Nonlinear dynamics and gust response of a two-dimensional wing

In this paper, aeroelastic equations for a two-dimensional wing encountering a wind gust are presented and solved numerically. The indicial aerodynamic theory based on Wagner's function is adopted to obtain aerodynamic forces and moments acting on the wing in the time domain. The dynamics of the wing is approximated via two degrees-of-freedom, i.e. pitch and plunge. The structural stiffness is modeled by a linear translational and a nonlinear torsional spring. Two different types of stiffness nonlinearities are examined: (i) flat spot or dead zone to model free-play, and (ii) hysteresis.

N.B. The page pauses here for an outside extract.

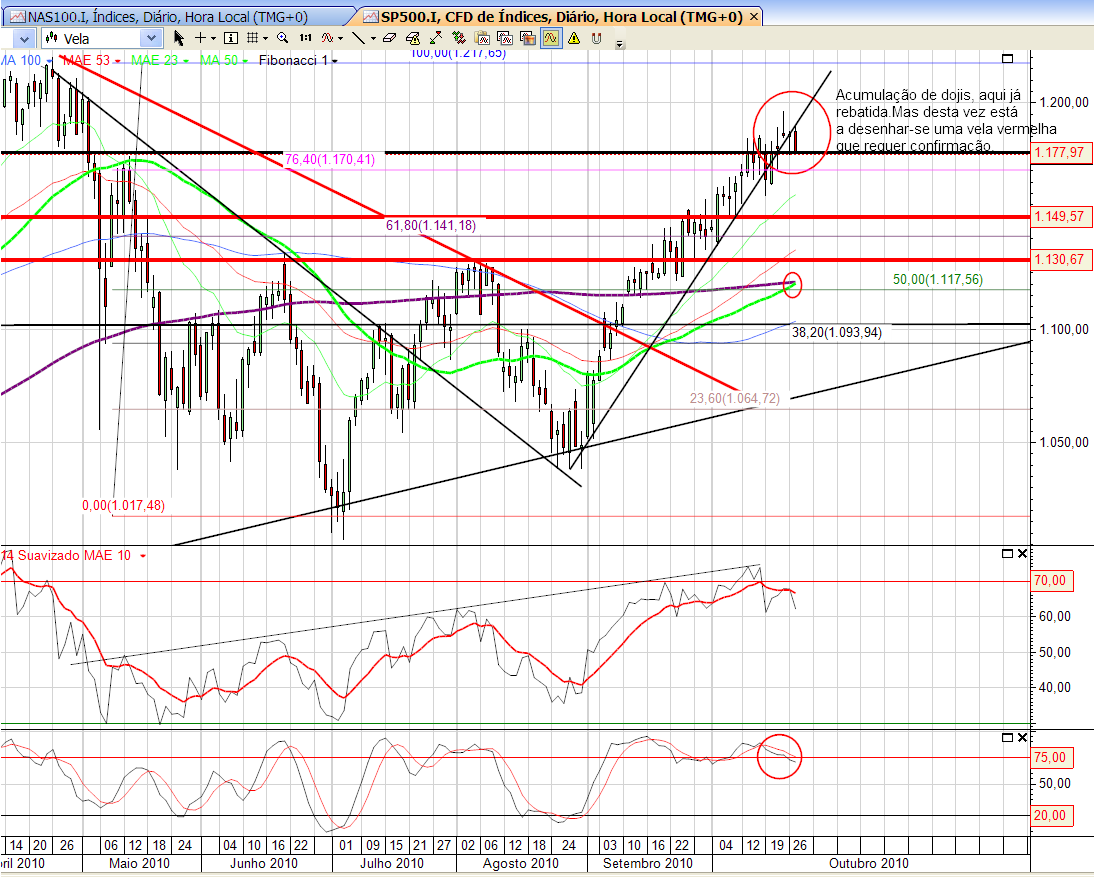sp 27-10-2010.png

For given system parameters, bifurcation diagrams are presented, and time-history, power-spectral density, phase-plane and Poincare diagrams are shown at different flow velocities. We show that the dynamics of the system with the free-play nonlinearity may be very complex with the possibility of the occurrence of chaos through period-doubling bifurcations. In contrast, the dynamics with the hysteresis nonlinearity is found to be rather simple, where a Hopf bifurcation is the only bifurcation observed. The response of the nonlinear system to sharp-edged and 1-cosine gust profiles are also obtained at different flow velocities and compared to the time response of the system with no gust input. It was found that the gust input may cause the nonlinear system to get attracted to a periodic orbit in the subcritical flow regime. In addition, basin of attraction is obtained for various amplitudes of the sharp-edged gust. It is discussed that as the gust becomes stronger, the likelihood of the occurrence of limit-cycle oscillation increases while the stable points become less dispersed inside the stability map and form a finite region confined to large values of initial conditions.